Afterwards, Wingfold was astonished at his own calmness and decision in taking upon him—almost, as it were, dragging to him—this relation with Helen and her brother. But he had felt that not to do so would be to abandon Helen to her grief, and that for her sake he must not hesitate to encounter whatever might have to be encountered in doing so.
Helen left him in the library, as she had said, and there he waited her return in a kind of stupor, unable to think, and feeling as if he were lost in a strange and anxious dream.
CHAPTER XXIV. WILLING CONFIDENCE.
“Come,” said Helen, re-entering, and the curate rose and followed her.
The moment he turned the corner of the bed and saw the face on the pillow, he knew in his soul that Helen was right, and that that was no wicked youth who lay before him—one, however, who might well have been passion-driven. There was the dark complexion and the great soft yet wild eyes that came of tropical blood. Had not Helen so plainly spoken of her brother, however, he would have thought he saw before him a woman. The worn, troubled, appealing light that overflowed rather than shone from his eyes, went straight to the curate’s heart.
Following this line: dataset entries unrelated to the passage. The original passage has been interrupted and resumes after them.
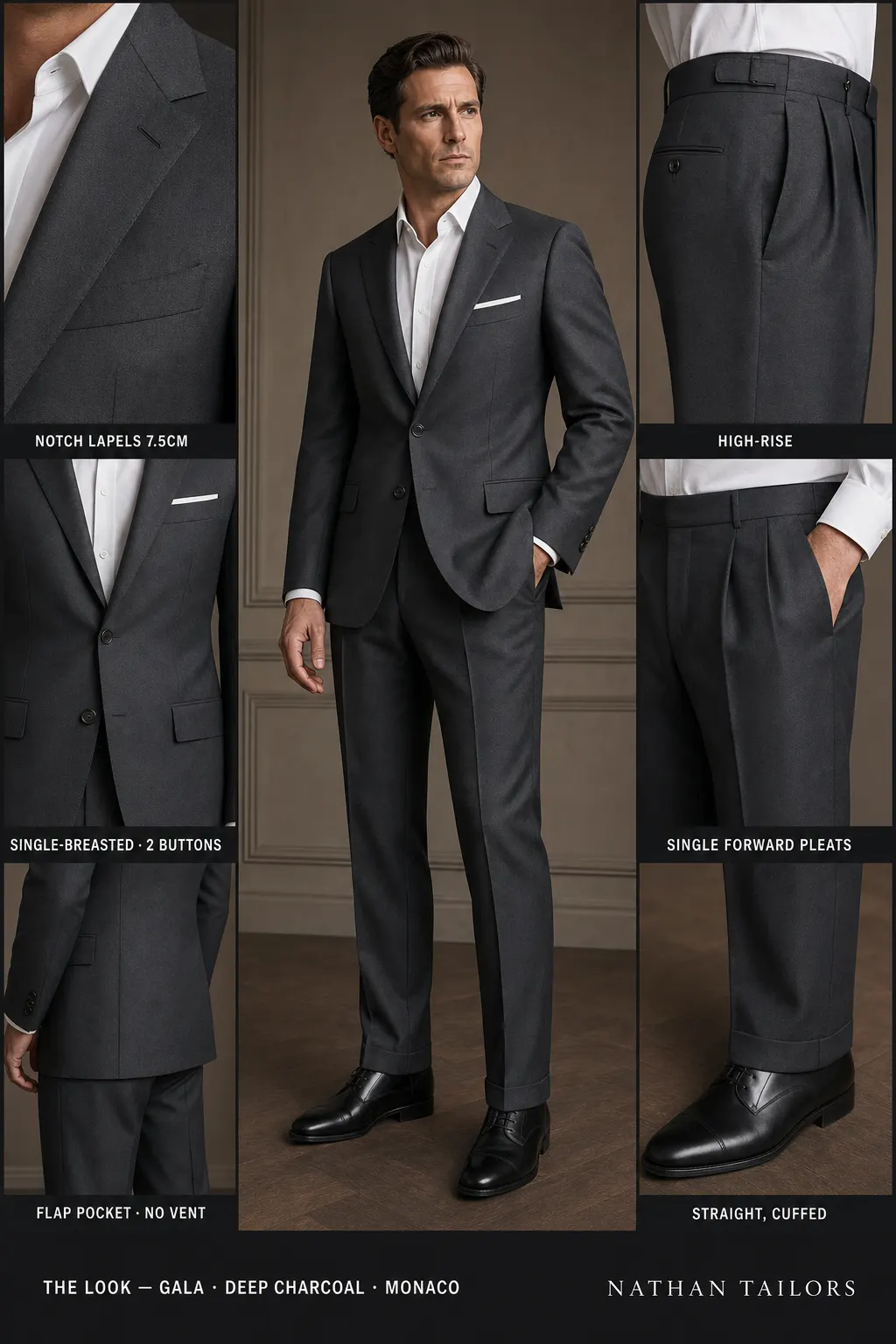 deep charcoal single-breasted notch-lapel bespoke suit โ AI-rendered by Nathan Tailors, the Hoi An custom tailor. Available as a custom tailored suit from $149.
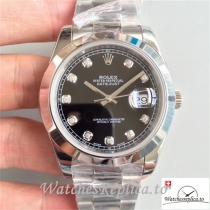 Swiss Rolex Datejust Replica 126300 001 Diamonds Markers Dial 41MM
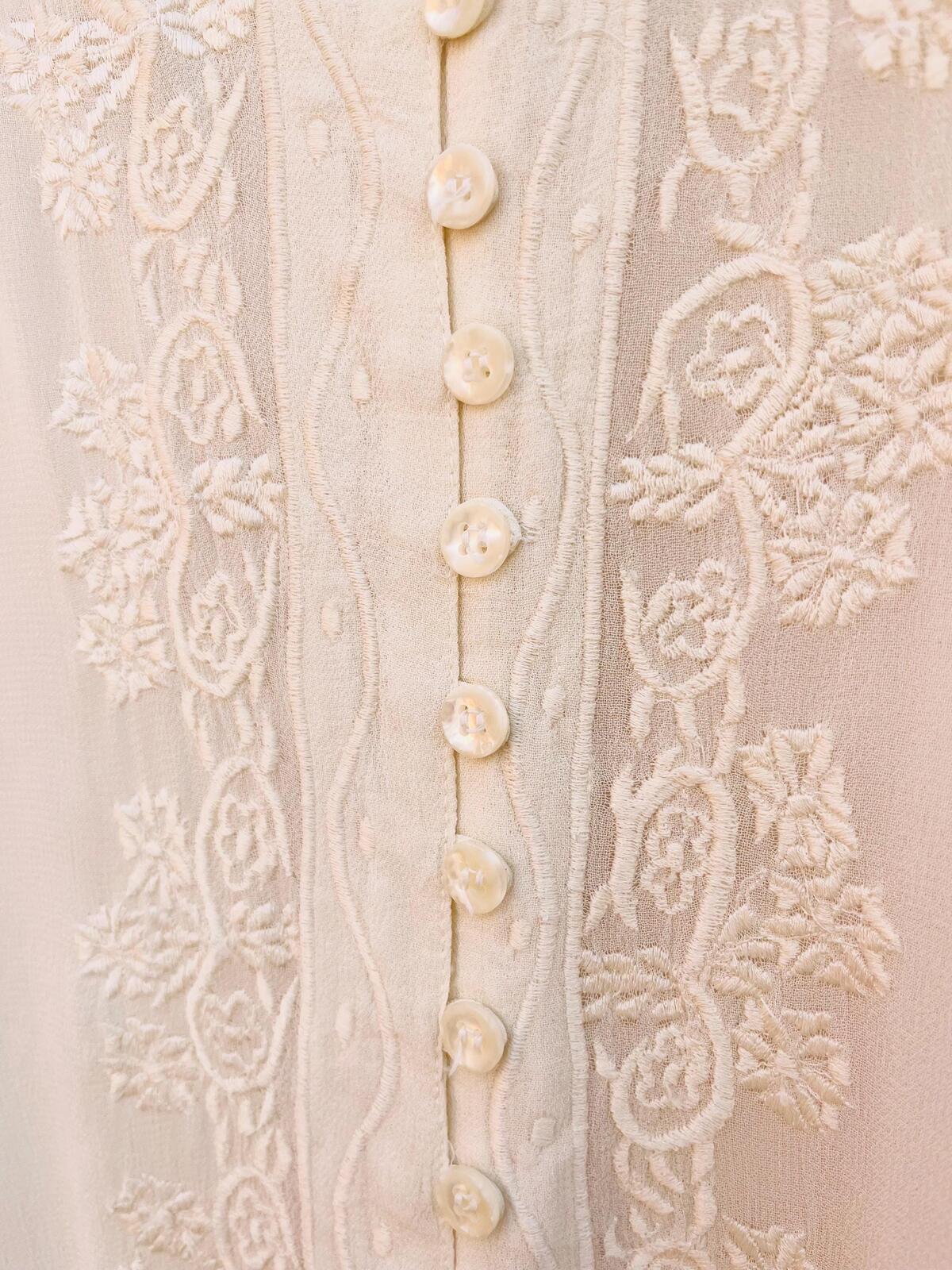 Vintage Embroidered Long Blouse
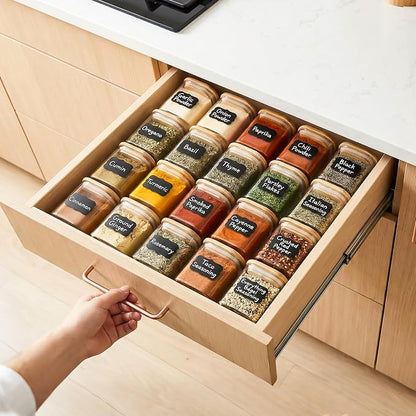 TBWIND 12 Pack 4 oz Square Glass Spice Jars - Image 3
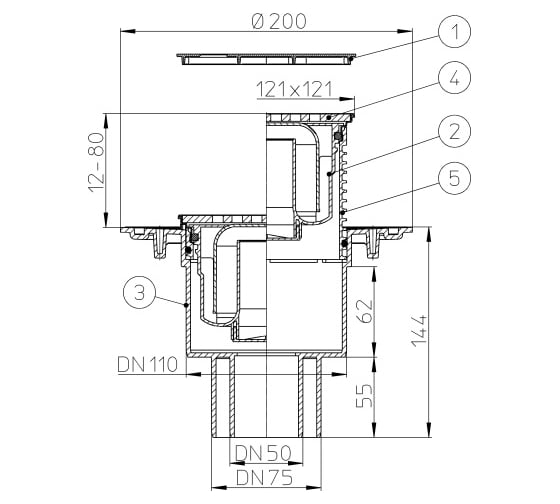 Трап HL с решеткой 3125 клик-клак, с вертикальным выпуском DN50/75/110 310N-3125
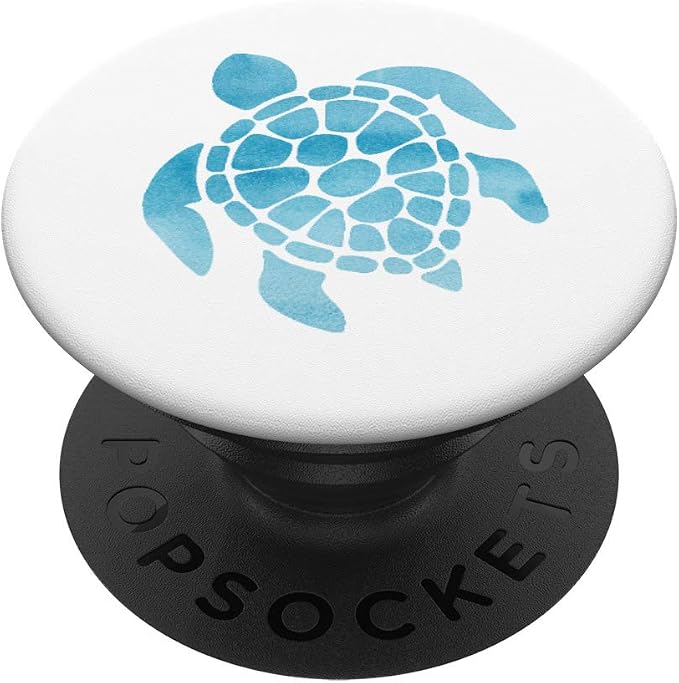 Colorful watercolor Sea turtle designs Blue PopSockets PopGrip: Swappable Grip for Phones &amp Tablets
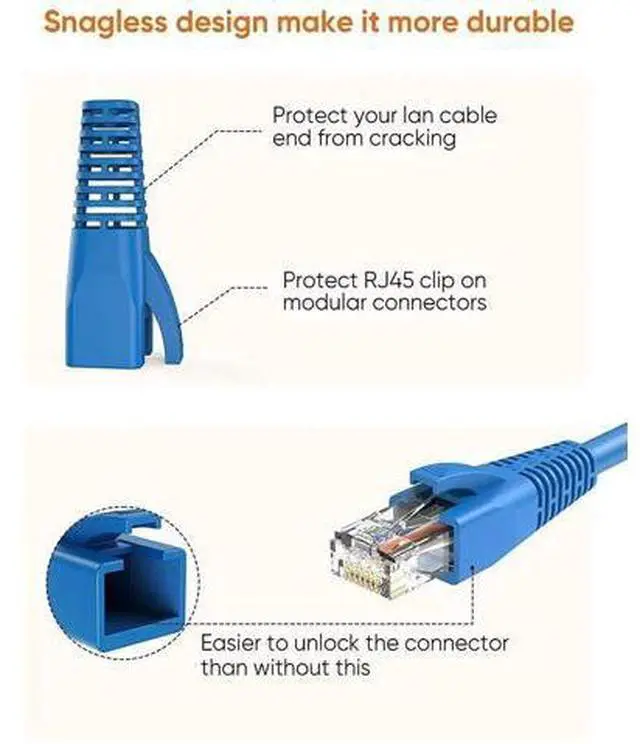 Alt view image 3 of 6 - 100 Pack Blue RJ45 Strain Relief Boots, LAN Cable Plug Protective Sleeves Fit CAT5/CAT5E/CAT6/CAT6A, Flexible Cable Covers for Multiple Wire Diameters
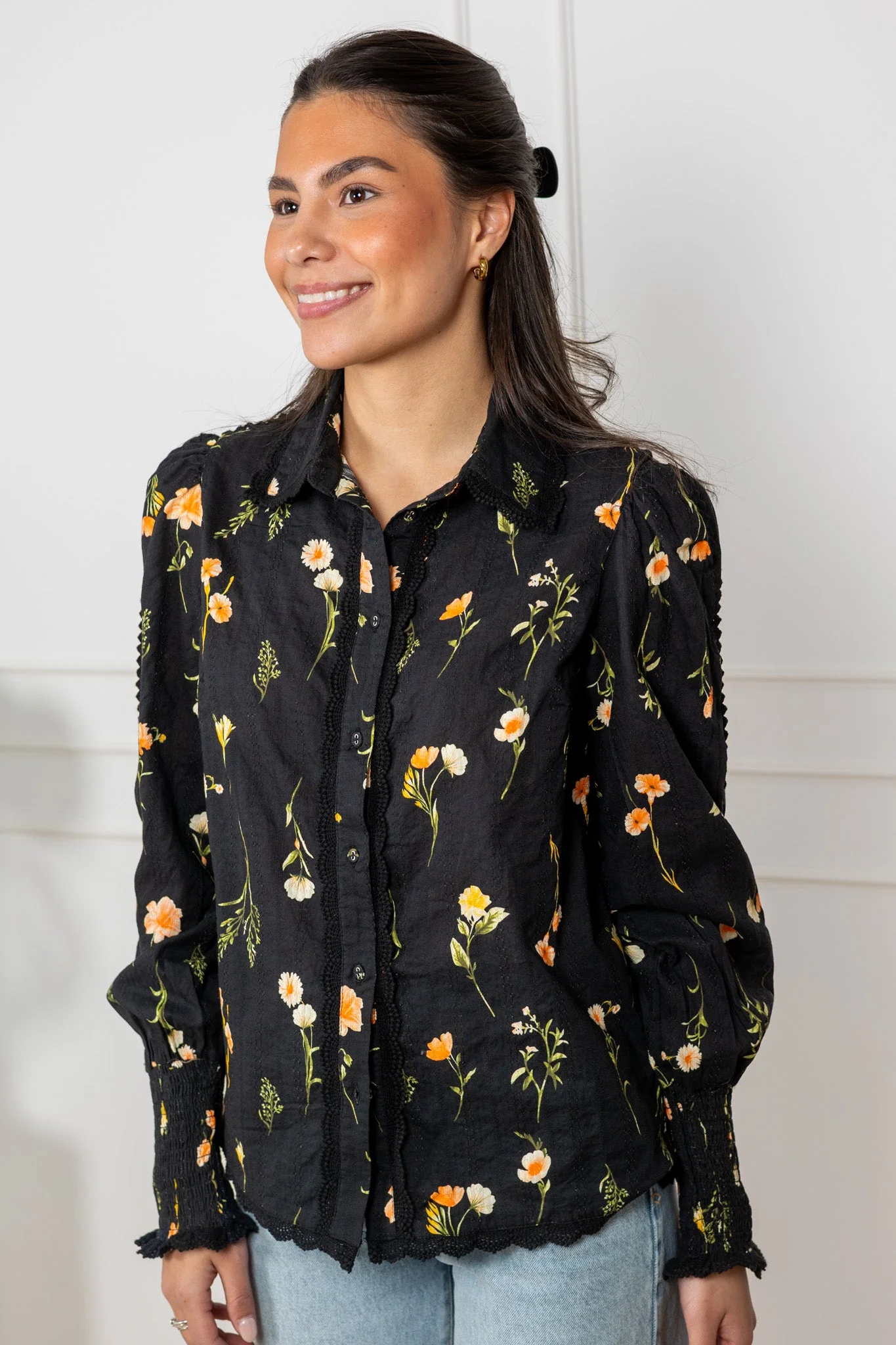 Somelli Ls Shirt Black Flower Print - Image 6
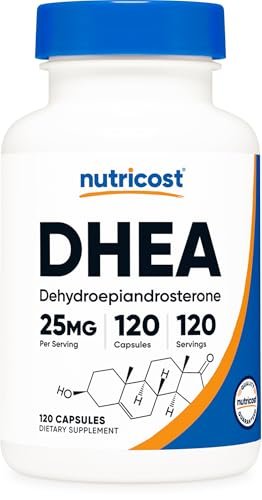 Nutricost DHEA 25 mg – 120 Kapseln, Glutenfrei, Sojafrei, Non-GMO, Nahrungsergänzungsmittel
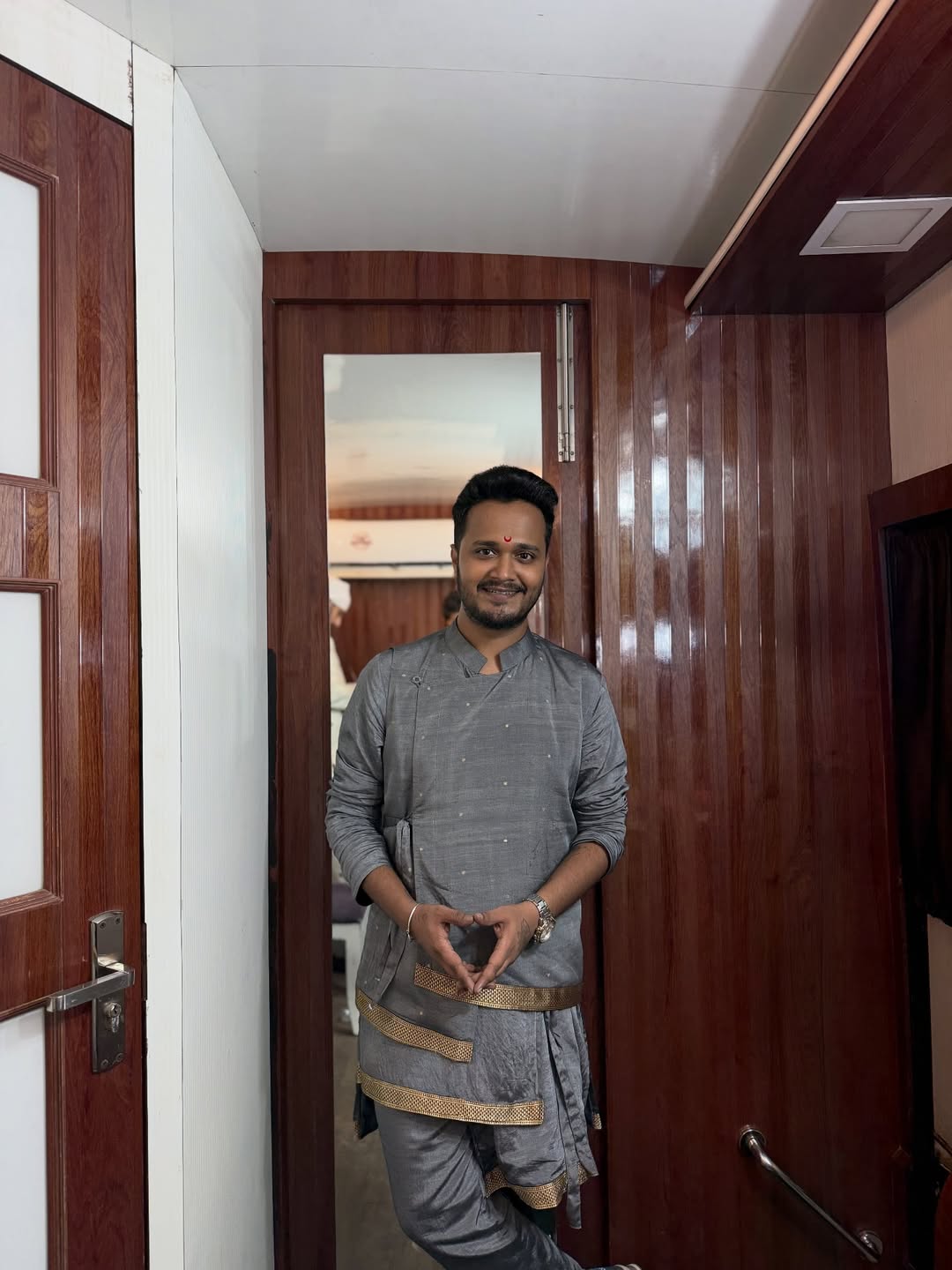 Rohit Raut in traditional outfit on stage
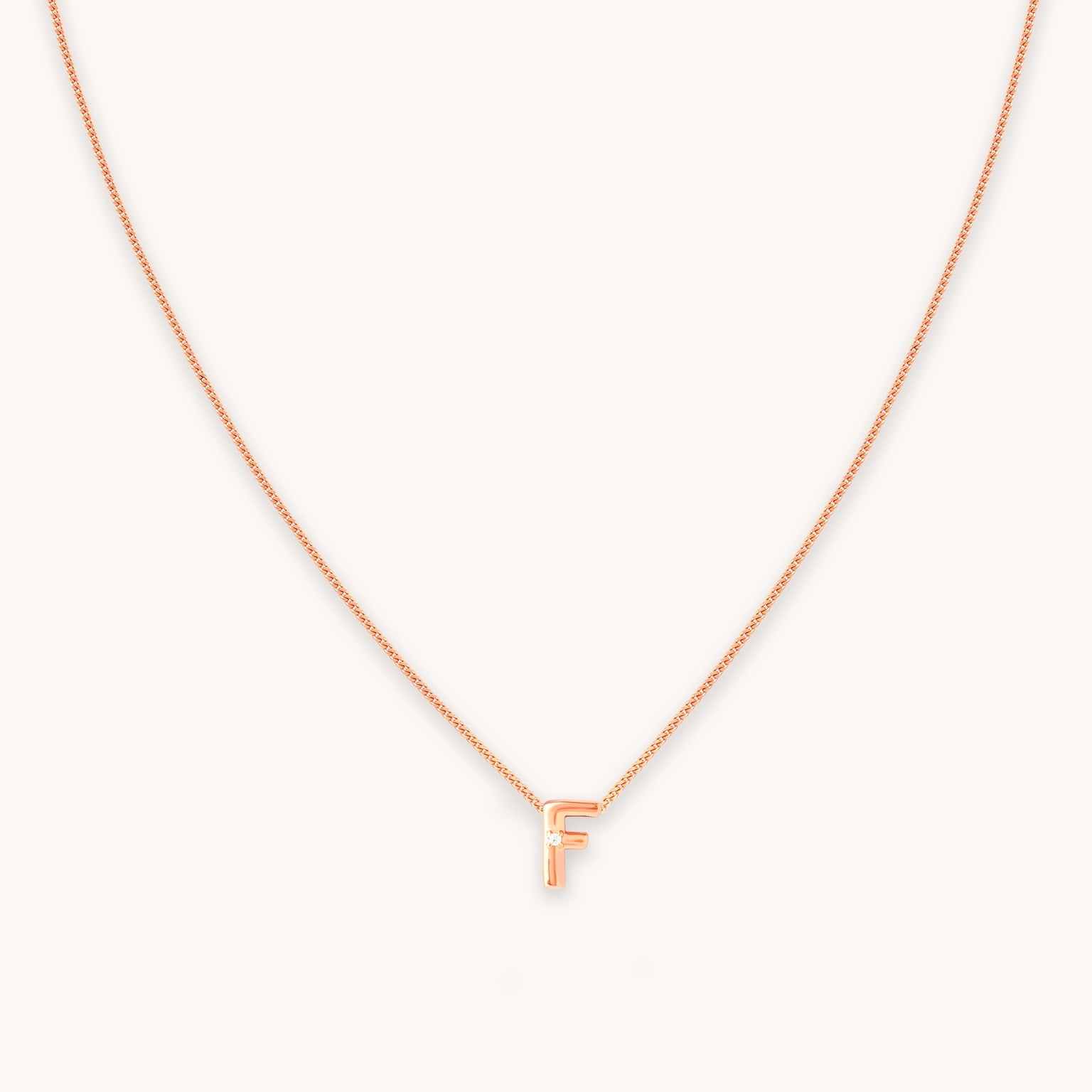 F Initial Pendant Necklace in Rose Gold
Wingfold had had a brother, the only being in the world he had ever loved tenderly; he had died young, and a thin film of ice had since gathered over the well of his affections; but now suddenly this ice broke and vanished, and his heart yearned over the suffering youth. He had himself been crying to God, not seldom in sore trouble, and now, ere, as it seemed, he had himself been heard, here was a sad brother crying to him for help. Nor was this all; the reading of the gospel story had roused in his heart a strange yet most natural longing after the face of that man of whom he read such lovely things, and thence, unknown to himself, had come a reverence and a love for his kind, which now first sprang awake to his consciousness in the feeling that drew him towards Leopold.
Softly he approached the bed, his face full of tenderness and strong pity. The lad, weak with protracted illness and mental torture, gave one look in his face, and stretched out both his arms to him. How could the curate give him but a hand? He put his arms round him as if he had been a child.
“I knew you would come,” sobbed Lingard.
“What else should I do but come?” returned Wingfold.